YOUR TASK: Transcribe verbatim the span of lines that opens with the line containing "NSU Ro80 Pikkuauto" and closes with the last line of the data below.

*** Opening of DATA EXTRACTS ***

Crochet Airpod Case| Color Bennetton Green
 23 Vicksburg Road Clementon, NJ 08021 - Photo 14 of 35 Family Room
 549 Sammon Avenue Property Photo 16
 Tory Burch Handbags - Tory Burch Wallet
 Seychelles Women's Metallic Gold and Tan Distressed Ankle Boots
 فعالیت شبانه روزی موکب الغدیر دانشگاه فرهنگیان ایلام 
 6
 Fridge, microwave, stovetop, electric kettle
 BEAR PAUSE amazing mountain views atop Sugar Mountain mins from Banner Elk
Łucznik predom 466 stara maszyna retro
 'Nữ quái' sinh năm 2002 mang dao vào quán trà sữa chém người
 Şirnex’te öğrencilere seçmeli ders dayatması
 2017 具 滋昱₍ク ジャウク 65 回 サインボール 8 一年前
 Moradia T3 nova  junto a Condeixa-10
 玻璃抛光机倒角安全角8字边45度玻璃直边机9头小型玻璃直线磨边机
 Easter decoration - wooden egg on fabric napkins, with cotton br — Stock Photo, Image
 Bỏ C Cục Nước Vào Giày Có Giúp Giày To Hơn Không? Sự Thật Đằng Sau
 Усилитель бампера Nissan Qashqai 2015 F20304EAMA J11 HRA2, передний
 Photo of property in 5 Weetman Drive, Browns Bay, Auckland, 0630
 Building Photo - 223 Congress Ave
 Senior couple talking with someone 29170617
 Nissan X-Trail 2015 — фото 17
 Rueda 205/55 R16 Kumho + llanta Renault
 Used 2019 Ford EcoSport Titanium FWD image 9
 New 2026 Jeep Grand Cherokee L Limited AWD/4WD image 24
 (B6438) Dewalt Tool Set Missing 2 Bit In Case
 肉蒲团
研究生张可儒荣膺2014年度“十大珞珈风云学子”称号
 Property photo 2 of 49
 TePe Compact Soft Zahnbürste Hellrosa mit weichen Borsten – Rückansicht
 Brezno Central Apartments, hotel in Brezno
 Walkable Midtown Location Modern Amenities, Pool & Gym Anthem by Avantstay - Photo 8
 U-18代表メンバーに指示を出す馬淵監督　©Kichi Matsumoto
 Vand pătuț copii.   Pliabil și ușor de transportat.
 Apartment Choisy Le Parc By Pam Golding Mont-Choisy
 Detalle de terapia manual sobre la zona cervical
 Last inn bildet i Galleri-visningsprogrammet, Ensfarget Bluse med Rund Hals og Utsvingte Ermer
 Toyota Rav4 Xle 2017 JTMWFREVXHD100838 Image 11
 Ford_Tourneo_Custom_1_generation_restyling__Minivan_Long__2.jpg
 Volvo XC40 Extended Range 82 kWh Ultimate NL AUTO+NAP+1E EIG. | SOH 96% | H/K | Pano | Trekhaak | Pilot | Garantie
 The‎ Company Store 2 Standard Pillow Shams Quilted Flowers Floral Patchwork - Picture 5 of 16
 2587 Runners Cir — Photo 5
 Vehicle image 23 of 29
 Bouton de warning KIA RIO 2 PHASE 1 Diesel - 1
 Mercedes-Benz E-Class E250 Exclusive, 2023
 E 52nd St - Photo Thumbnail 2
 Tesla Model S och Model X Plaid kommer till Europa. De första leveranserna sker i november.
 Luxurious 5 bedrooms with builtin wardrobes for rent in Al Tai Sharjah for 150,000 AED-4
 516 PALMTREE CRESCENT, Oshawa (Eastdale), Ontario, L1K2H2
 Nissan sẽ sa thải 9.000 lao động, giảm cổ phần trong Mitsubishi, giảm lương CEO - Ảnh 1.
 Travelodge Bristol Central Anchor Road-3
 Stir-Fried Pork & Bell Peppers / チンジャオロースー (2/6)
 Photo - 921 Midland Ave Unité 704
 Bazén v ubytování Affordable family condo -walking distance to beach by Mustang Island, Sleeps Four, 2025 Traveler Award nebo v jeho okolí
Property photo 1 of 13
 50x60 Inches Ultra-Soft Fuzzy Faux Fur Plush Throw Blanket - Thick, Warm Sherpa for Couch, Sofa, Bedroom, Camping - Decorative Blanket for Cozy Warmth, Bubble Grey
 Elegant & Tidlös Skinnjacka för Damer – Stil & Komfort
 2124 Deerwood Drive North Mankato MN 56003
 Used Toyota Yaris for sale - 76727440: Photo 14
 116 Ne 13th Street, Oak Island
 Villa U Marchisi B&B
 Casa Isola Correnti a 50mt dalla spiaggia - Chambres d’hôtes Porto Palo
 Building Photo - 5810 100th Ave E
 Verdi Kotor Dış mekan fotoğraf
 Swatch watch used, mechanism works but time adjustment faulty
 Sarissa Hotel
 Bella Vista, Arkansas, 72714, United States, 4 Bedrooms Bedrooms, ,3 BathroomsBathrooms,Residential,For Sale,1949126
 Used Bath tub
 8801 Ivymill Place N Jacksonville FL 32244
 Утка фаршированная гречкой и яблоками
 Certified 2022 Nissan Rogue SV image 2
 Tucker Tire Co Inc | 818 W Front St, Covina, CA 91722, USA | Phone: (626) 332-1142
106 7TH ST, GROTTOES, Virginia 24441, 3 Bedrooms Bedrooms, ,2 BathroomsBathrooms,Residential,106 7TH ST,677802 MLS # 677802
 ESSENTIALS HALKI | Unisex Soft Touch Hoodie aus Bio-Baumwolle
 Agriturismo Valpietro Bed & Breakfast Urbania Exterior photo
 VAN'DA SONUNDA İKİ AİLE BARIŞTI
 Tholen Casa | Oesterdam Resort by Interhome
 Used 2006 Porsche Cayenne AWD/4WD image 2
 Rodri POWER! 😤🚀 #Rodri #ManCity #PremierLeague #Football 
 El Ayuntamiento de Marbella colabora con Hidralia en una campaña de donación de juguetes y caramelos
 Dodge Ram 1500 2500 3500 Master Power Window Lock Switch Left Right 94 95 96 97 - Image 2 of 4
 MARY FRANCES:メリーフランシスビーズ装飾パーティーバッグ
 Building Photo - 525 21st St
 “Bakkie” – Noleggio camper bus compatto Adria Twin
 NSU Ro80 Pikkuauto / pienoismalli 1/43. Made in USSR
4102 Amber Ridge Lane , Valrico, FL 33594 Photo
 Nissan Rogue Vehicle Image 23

*** Close of DATA EXTRACTS ***

TASK ANSWER:
 NSU Ro80 Pikkuauto / pienoismalli 1/43. Made in USSR
4102 Amber Ridge Lane , Valrico, FL 33594 Photo
 Nissan Rogue Vehicle Image 23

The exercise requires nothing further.